Notwithstanding the roiling criticism of the Cotton letter, comments by Secretary Kerry at a Senate Armed Services Committee Hearing on Wednesday, echoed those of State Department spokesperson Jen Psaki on Tuesday who said, “historically, the United States has pursued important national security through non-binding arrangements.” Kerry said in his testimony that the Obama Administration was “not negotiating a legally binding plan” but one from “executive to executive,” Politico reported. Kerry insisted such a deal would still “have a capacity of enforcement.” Thus, he confirmed that the proposed Memorandum of Understanding  between the P5+1  and Iran was non-binding on the parties hinging on verification of conditions.  Something hitherto unachievable with the Mullahs who have a tendency to hide developments. This despite representations by President Obama that the negotiations in Geneva were making good progress towards that goal. Kerry said it was non-binding because we currently don’t recognize the Islamic Republic of Iran, passed embargoes arising from the 444 day Tehran US Embassy seizure and hostage taking in 1979 and adopted Congressional sanctions against its nuclear program. Further, the State Department considers the Republic a state sponsor of terrorism, something Ayatollah Khamenei categorically disagrees with as witnessed by his comments on the Cotton letter.  But seeing is believing when it comes to the Shia autocrats in Tehran proficient practitioners of taqiyya, otherwise known as lying for Allah. Iran ‘reformist’ President Hassan Rouhani suggested that diplomacy with the Administration was an active form of “jihad” equivalent to the 2,500 mile range cruise missile Iran unveiled this week.

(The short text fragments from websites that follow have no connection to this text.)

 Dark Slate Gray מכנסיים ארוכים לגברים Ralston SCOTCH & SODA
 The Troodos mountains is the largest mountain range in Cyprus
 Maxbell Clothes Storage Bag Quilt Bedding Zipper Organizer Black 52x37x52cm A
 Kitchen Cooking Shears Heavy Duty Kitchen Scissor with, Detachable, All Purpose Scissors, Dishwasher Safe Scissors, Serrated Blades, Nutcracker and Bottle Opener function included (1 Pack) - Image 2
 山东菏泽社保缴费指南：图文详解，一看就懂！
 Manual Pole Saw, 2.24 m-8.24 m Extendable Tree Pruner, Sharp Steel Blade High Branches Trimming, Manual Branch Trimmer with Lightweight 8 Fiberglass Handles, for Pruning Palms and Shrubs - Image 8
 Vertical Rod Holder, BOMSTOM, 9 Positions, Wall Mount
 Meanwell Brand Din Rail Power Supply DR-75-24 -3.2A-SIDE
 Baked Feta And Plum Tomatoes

Two legal experts on the matter of executive agreements disagreed with the position of Iranian Foreign Minister Zarif and Secretary Kerry in the context of the Cotton letter. Daniel Wiser writing in the Washington Free Beacon asserted  that Cotton was correct and Zarif wrong. They concurred that future US Presidents could revoke the agreement over a bad deal, meaning, violation of provisions by Iran:

Jeremy Rabkin, a law professor at George Mason University and an expert in international law and Constitutional history, said in an email that “nonbinding” by definition means that the United States “will not violate international law if we don’t adhere to its terms”—contrary to Zarif’s assertion.

“In other words we’re saying it is NOT an international obligation, just a statement of intent,” he said.

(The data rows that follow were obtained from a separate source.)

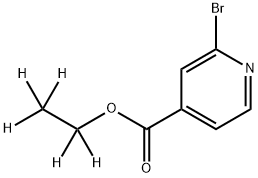 2-Bromo-4-(ethoxy-d5-carbonyl)-pyridine Struktur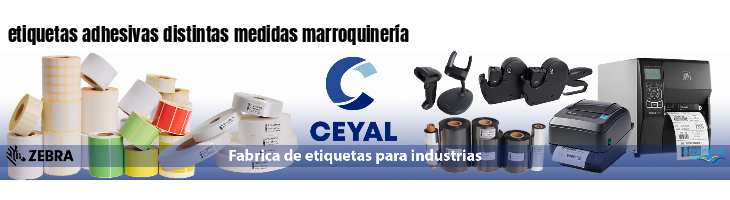 etiquetas adhesivas distintas medidas marroquinería
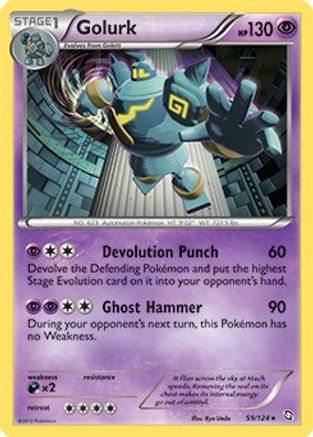 Golurk (EX Dragons Exalted) (59/124) [Deck Exclusives] - Rare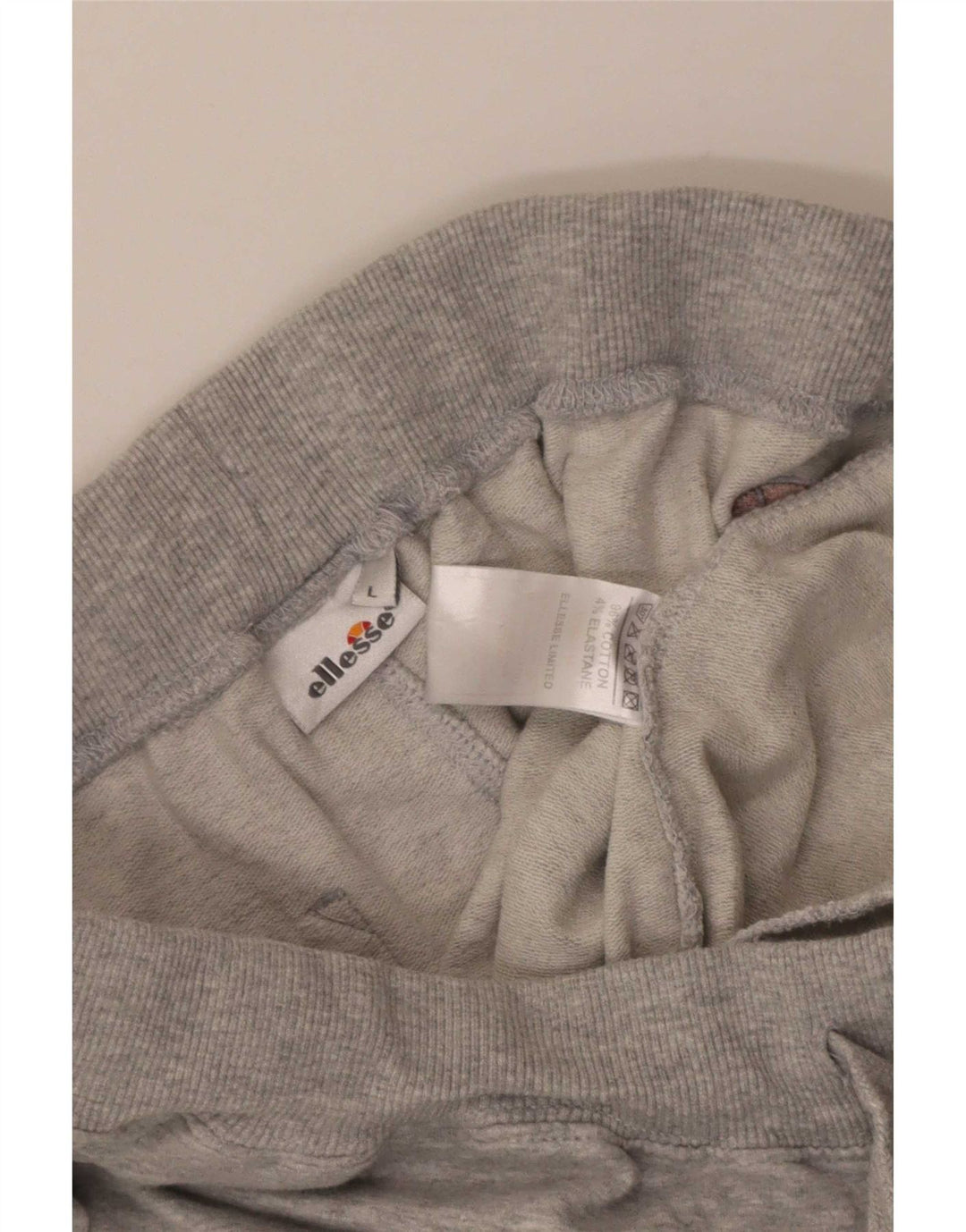 Calça de treino masculina Ellesse Joggers grande algodão cinza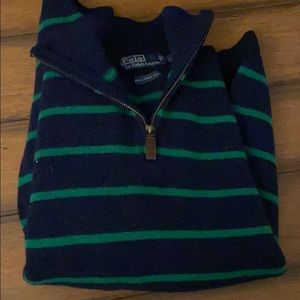 Polo 1/4 Zip Wool Sweater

“What Kerry seemed to say was not that his Iran deal would be in the same category but that it would not be legally binding in any sense, just a kind of memorandum of understanding,” Rabkin said. “I wonder whether he understood what he was saying. It was more or less conceding that what Cotton’s letter said was the administration’s own view—that the ‘agreement’ with Iran would not be legally binding, so (presumably) not something that could bind Obama’s successor.”

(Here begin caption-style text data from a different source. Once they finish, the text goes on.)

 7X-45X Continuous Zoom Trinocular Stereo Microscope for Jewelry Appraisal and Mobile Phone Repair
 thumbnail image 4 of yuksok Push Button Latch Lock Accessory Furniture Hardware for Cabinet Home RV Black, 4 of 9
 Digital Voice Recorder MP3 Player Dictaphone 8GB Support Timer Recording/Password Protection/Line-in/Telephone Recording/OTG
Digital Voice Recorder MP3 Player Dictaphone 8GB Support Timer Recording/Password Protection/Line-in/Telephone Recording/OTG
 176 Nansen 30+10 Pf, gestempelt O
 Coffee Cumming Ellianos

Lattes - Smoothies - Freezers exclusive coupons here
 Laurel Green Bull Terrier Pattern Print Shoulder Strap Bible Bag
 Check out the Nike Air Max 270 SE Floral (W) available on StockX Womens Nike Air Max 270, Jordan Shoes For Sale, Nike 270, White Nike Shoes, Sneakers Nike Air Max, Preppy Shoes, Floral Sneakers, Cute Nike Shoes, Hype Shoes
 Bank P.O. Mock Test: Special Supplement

Cotton responded with a Tweet, saying:

Important question: if deal with Iran isn’t legally binding, then what’s to keep Iran from breaking said deal and developing a bomb?

Wiser then cites a National Review article by a second legal expert, John Yoo, a law professor at University of California, Berkeley and a former Justice Department official in the George W. Bush Administration:

The Cotton letter is right, because if President Obama strikes a nuclear deal with Iran using only [an executive agreement], he is only committing to refrain from exercising his executive power—i.e., by not attacking Iran or by lifting sanctions under power delegated by Congress. Not only could the next president terminate the agreement; Obama himself could terminate the deal.  Obama’s executive agreement cannot prevent Congress from imposing mandatory, severe sanctions on Iran without the possibility of presidential waiver (my preferred solution for handling the Iranian nuclear crisis right now). Obama can agree to allow Iran to keep a nuclear-processing capability; Congress can cut Iran out of the world trading and financial system.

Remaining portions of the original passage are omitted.